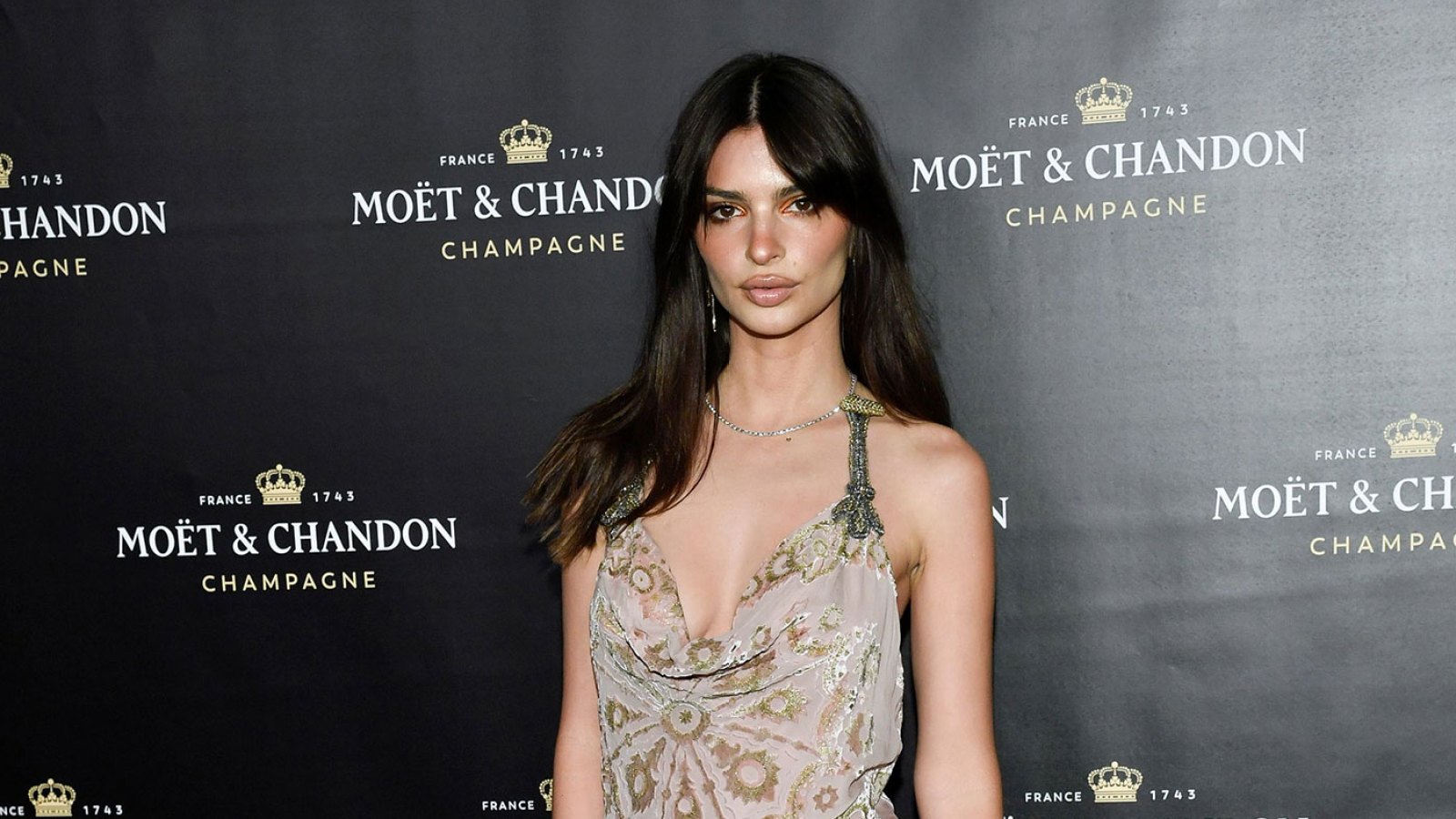 Emily Ratajkowski’s Hairstylist Reveals She Carries Clip-In Bangs to ‘Transform’ the Model’s Hair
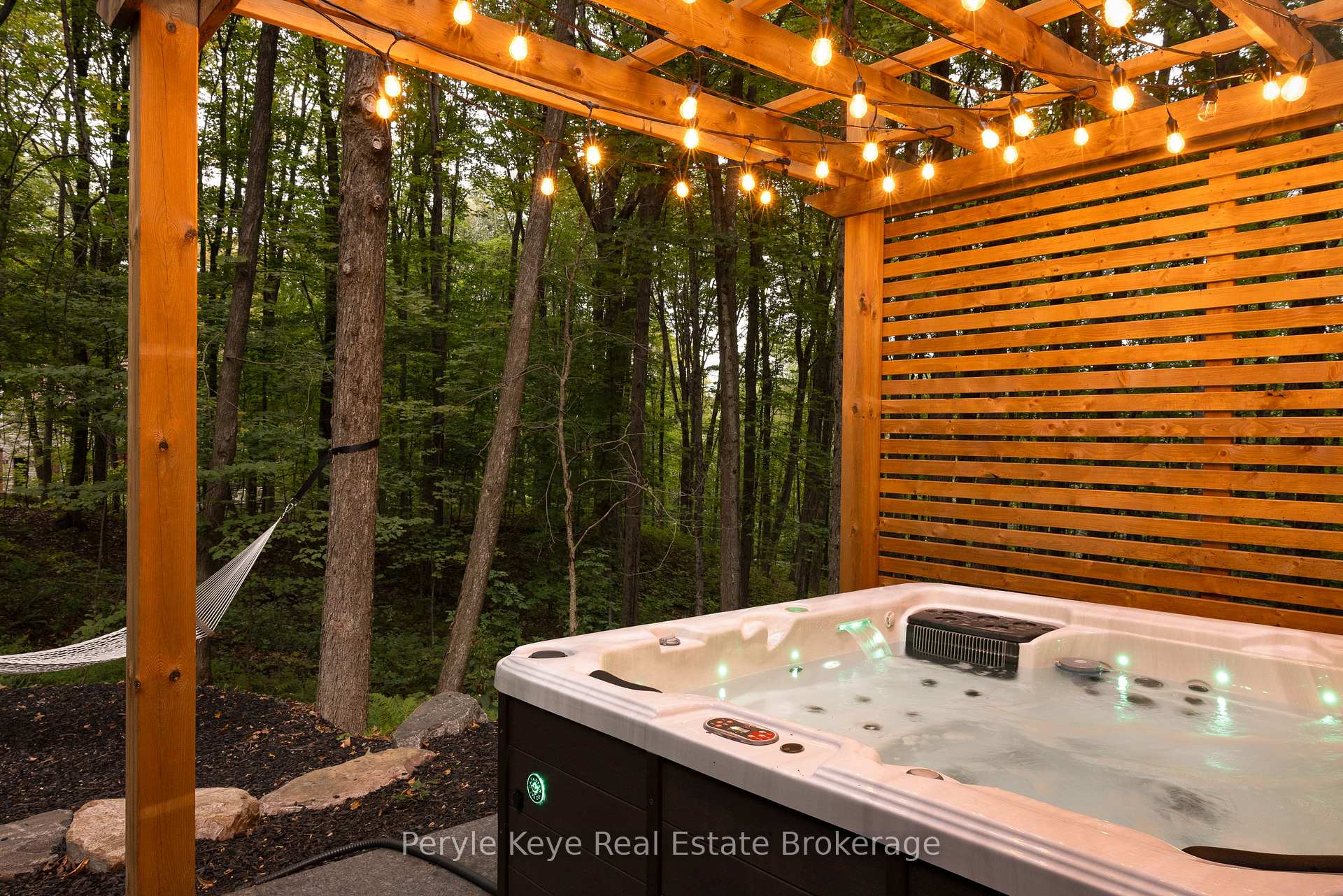 Photo 8 of 74 Woodland Drive, Bracebridge — HOMEH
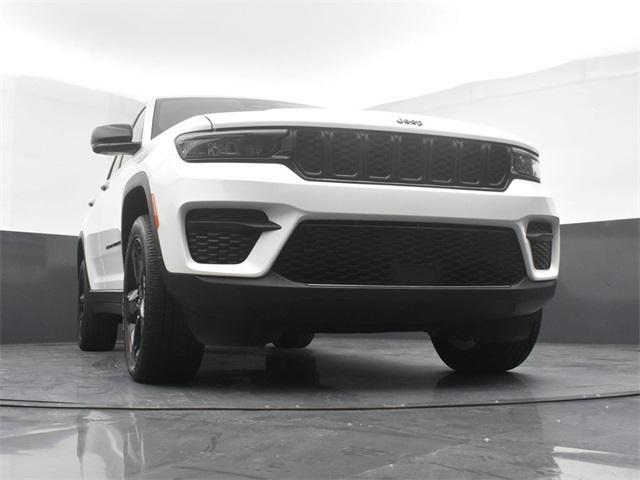 used 2022 Jeep Grand Cherokee car, priced at $34,434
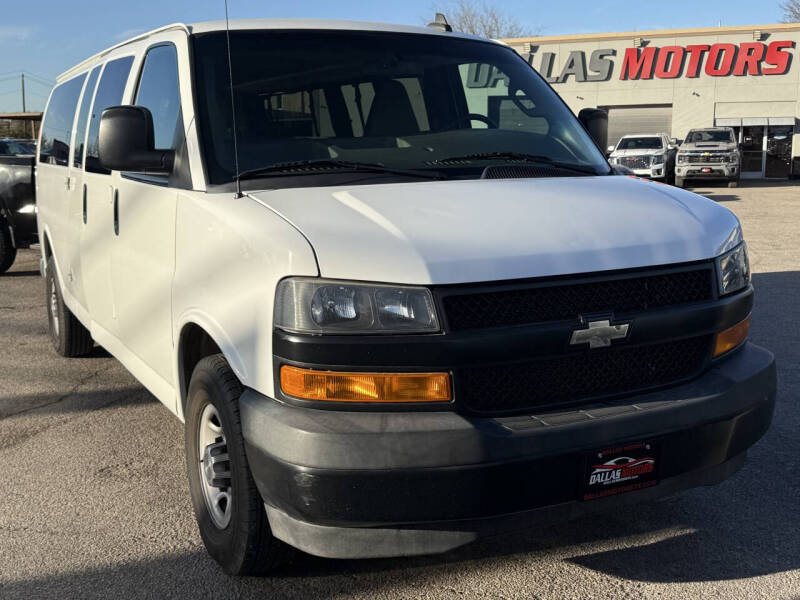 2019 Chevrolet Express Passenger LS's photo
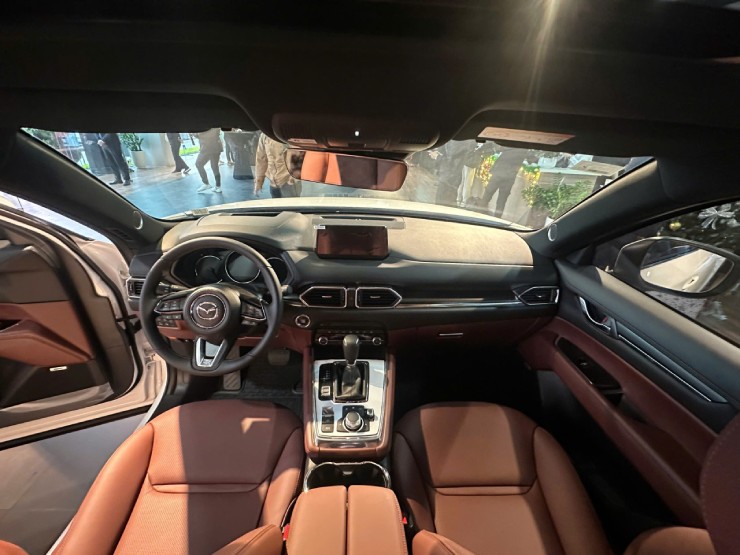 Ưu nhược điểm của Hyundai SantaFe khi so sánh với Mazda CX-8 - 8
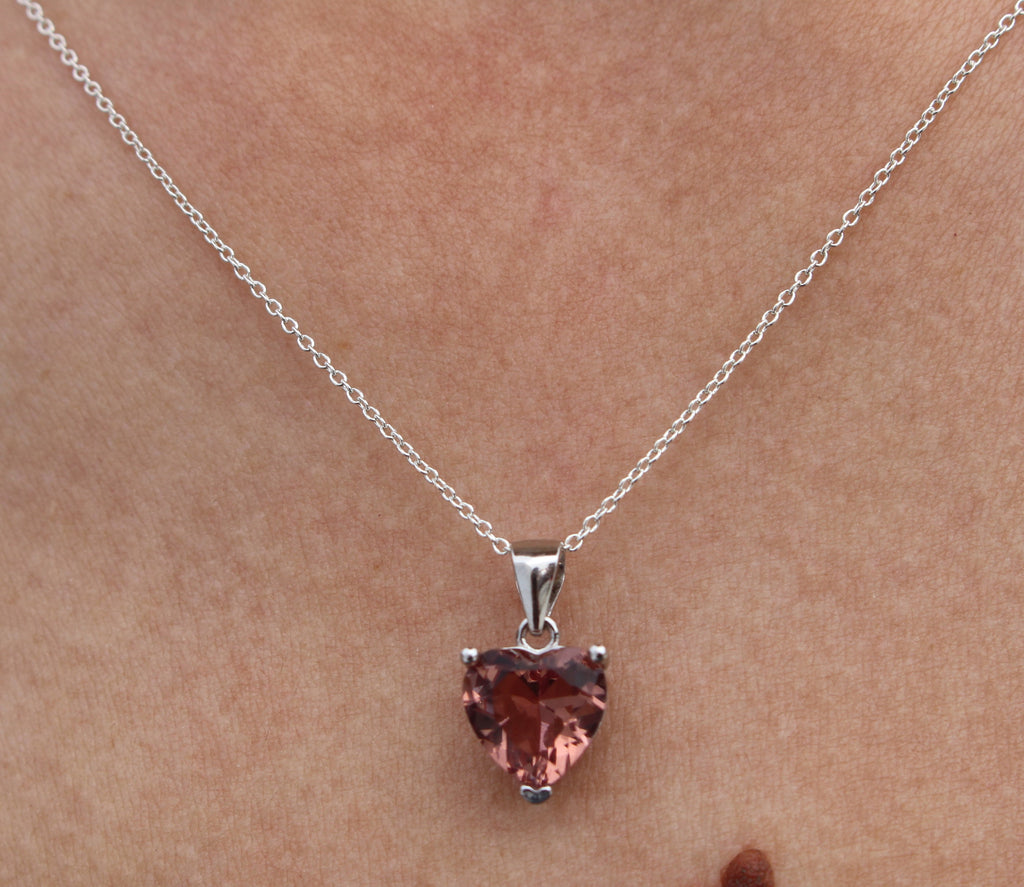 ZULTANITE PENDANT, CUBIC ZIRCONIA STERLING SILVER , THE COLOR OF THE STONE CHANGES WITH DIFFERENT LIGHTING (HEART)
★ ★ ★
* [Problem description]: Copy back exactly the lines above from the one containing "Photo 8 of 74" through the one containing "Ưu nhược điểm", and leave every picture behind.

* [Written solution]:
 Photo 8 of 74 Woodland Drive, Bracebridge — HOMEH
 used 2022 Jeep Grand Cherokee car, priced at $34,434
 2019 Chevrolet Express Passenger LS's photo
 Ưu nhược điểm của Hyundai SantaFe khi so sánh với Mazda CX-8 - 8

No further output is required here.